### Task brief
The reply should hold every entry exactly as written and none of the pictures.

────────────────────────────────────────

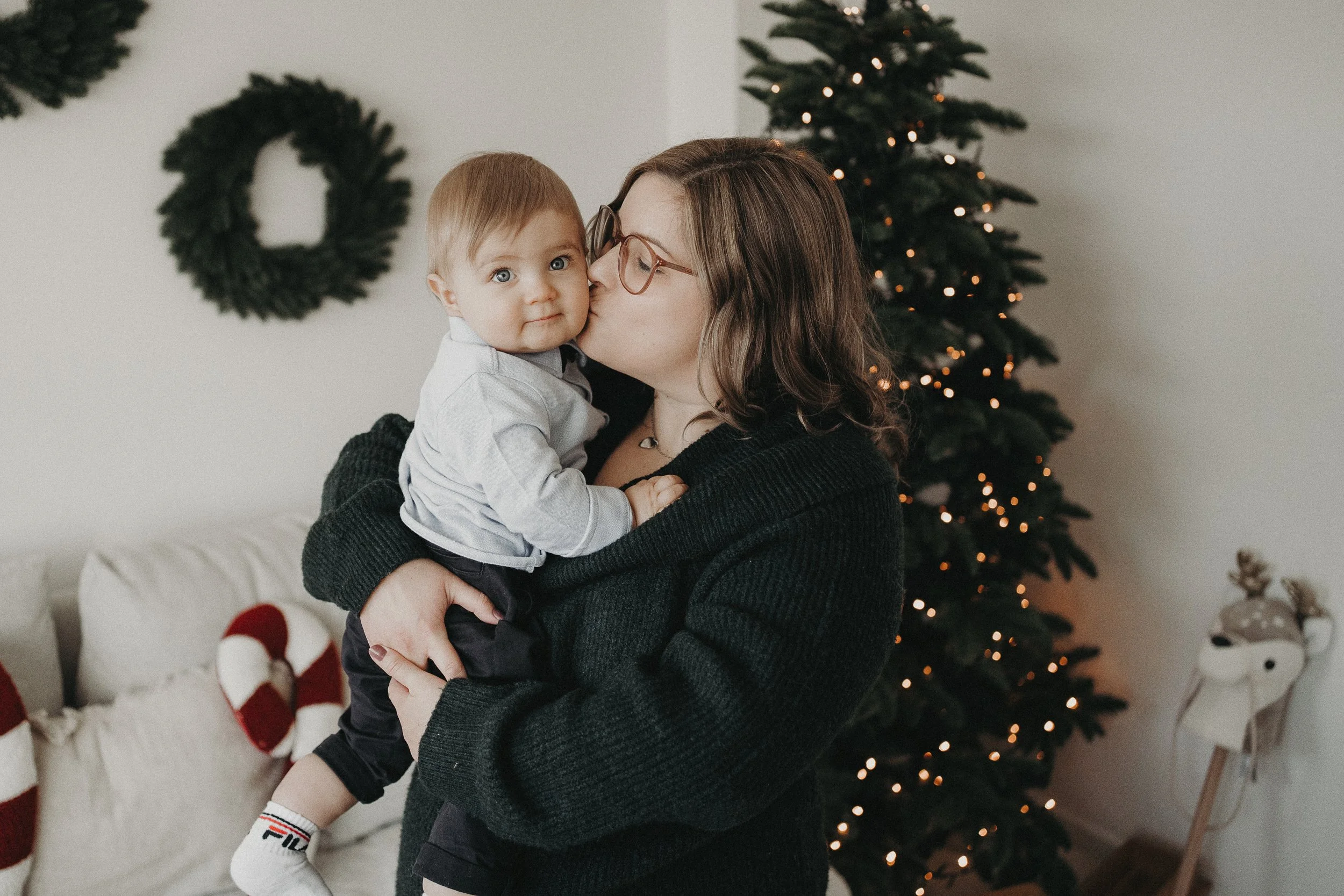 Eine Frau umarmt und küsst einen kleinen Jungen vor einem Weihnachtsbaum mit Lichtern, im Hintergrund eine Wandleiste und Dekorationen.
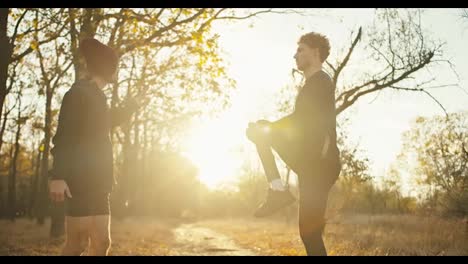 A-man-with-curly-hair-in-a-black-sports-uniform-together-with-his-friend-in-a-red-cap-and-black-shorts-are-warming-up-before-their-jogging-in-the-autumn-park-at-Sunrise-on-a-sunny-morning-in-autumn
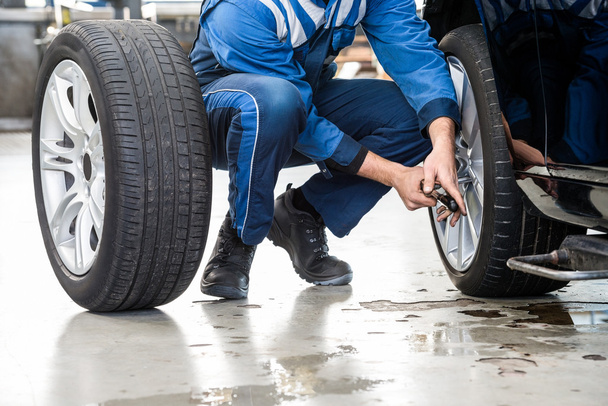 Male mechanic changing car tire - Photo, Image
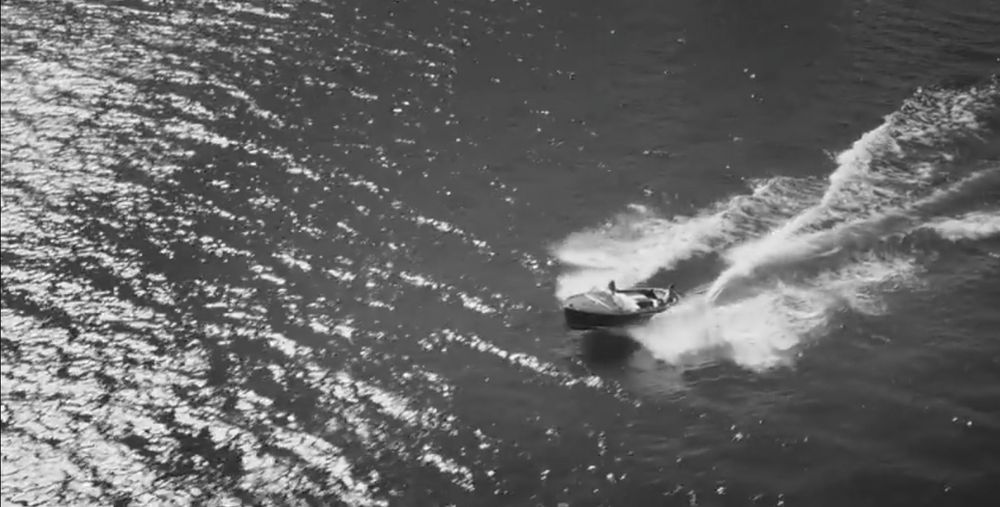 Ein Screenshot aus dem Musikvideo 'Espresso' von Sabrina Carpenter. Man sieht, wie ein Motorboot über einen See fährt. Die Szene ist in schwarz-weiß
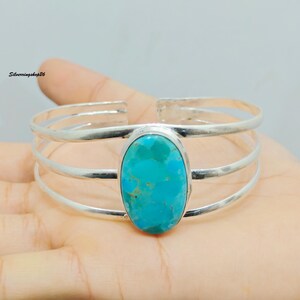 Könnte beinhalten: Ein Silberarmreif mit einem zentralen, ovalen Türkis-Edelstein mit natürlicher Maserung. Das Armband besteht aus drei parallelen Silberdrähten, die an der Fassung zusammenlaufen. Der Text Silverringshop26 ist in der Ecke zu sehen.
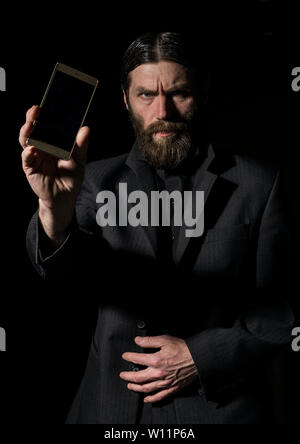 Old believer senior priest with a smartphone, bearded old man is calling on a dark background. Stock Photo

────────────────────────────────────────

### Worked solution
 Eine Frau umarmt und küsst einen kleinen Jungen vor einem Weihnachtsbaum mit Lichtern, im Hintergrund eine Wandleiste und Dekorationen.
 A-man-with-curly-hair-in-a-black-sports-uniform-together-with-his-friend-in-a-red-cap-and-black-shorts-are-warming-up-before-their-jogging-in-the-autumn-park-at-Sunrise-on-a-sunny-morning-in-autumn
 Male mechanic changing car tire - Photo, Image
 Ein Screenshot aus dem Musikvideo 'Espresso' von Sabrina Carpenter. Man sieht, wie ein Motorboot über einen See fährt. Die Szene ist in schwarz-weiß
 Könnte beinhalten: Ein Silberarmreif mit einem zentralen, ovalen Türkis-Edelstein mit natürlicher Maserung. Das Armband besteht aus drei parallelen Silberdrähten, die an der Fassung zusammenlaufen. Der Text Silverringshop26 ist in der Ecke zu sehen.
 Old believer senior priest with a smartphone, bearded old man is calling on a dark background. Stock Photo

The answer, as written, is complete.